*Requirement*:
All records are to be retyped faithfully and completely.

(Web page caption snippets)
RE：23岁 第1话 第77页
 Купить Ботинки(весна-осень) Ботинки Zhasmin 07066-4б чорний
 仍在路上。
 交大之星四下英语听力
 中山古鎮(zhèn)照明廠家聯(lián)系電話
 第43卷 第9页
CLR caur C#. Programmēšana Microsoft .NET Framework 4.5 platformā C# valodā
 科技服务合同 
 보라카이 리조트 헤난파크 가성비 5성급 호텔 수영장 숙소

*Worked solution*:
RE：23岁 第1话 第77页
 Купить Ботинки(весна-осень) Ботинки Zhasmin 07066-4б чорний
 仍在路上。
 交大之星四下英语听力
 中山古鎮(zhèn)照明廠家聯(lián)系電話
 第43卷 第9页
CLR caur C#. Programmēšana Microsoft .NET Framework 4.5 platformā C# valodā
 科技服务合同 
 보라카이 리조트 헤난파크 가성비 5성급 호텔 수영장 숙소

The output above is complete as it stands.